Running ML Pipelines on Kubernetes with Argo Workflows

The Mental Model

If you’ve operated Airflow, cron jobs, or Jenkins pipelines, Argo Workflows will feel familiar. Each step in a pipeline is a container. Dependencies between steps form a DAG. Argo schedules, executes, retries, and archives the results.

The key difference: Argo is Kubernetes-native. Each step is a Kubernetes Pod. That means you get all of Kubernetes — resource limits, GPU scheduling, node affinity, service accounts — for free.

A Simple Training Pipeline

apiVersion: argoproj.io/v1alpha1
kind: Workflow
metadata:
  name: train-model
spec:
  entrypoint: pipeline
  templates:
    - name: pipeline
      dag:
        tasks:
          - name: preprocess
            template: preprocess-data
          - name: train
            template: train-model
            dependencies: [preprocess]
          - name: evaluate
            template: evaluate-model
            dependencies: [train]
          - name: register
            template: register-model
            dependencies: [evaluate]
            when: "{{tasks.evaluate.outputs.parameters.accuracy}} > 0.90"

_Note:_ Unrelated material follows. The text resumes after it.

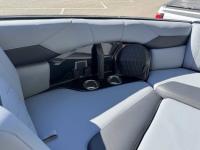 Malibu Boats / 23 LSV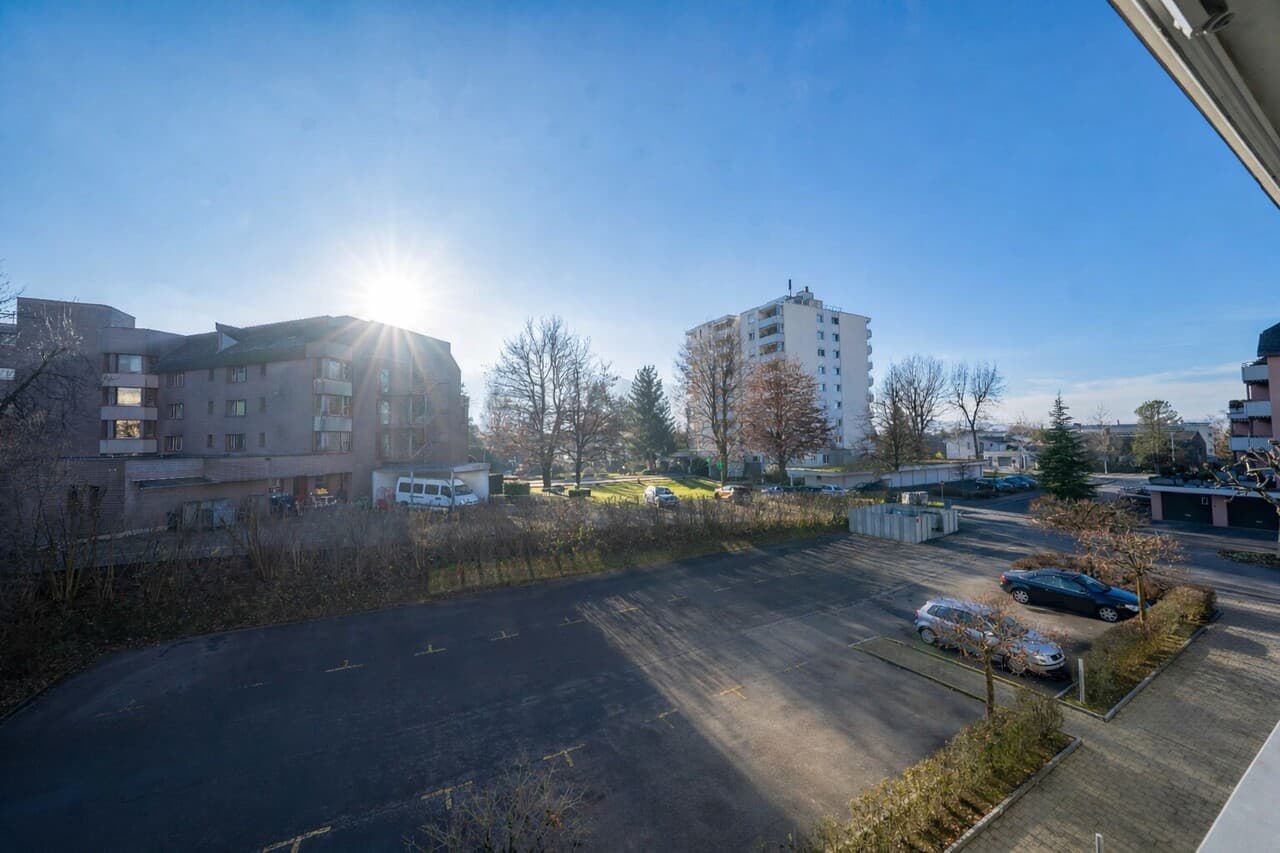Grosse Eigentumswohnung an ruhiger Lage inkl. Tiefgaragenplatz!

The when condition on the register step is the interesting part — it implements a quality gate. Models that don’t hit the accuracy threshold never get registered, and therefore never get deployed.

Parameterized Workflows

For hyperparameter search, you can combine Argo Workflows with Argo’s withItems to fan out training runs in parallel:

- name: hyperparameter-search
  dag:
    tasks:
      - name: train-{{item.lr}}-{{item.batch}}
        template: train-model
        arguments:
          parameters:
            - name: learning-rate
              value: "{{item.lr}}"
            - name: batch-size
              value: "{{item.batch}}"
        withItems:
          - { lr: "0.001", batch: "32" }
          - { lr: "0.001", batch: "64" }
          - { lr: "0.0001", batch: "32" }

Comparing to Airflow

Argo Workflows wins on Kubernetes-nativeness: no Python DAG code to maintain, no Airflow scheduler, no separate metadata database. The trade-off is that complex Python-native orchestration logic is less ergonomic — Argo YAML can get verbose for deeply conditional logic.

For an MLOps platform that’s already Kubernetes-first, Argo is the right choice.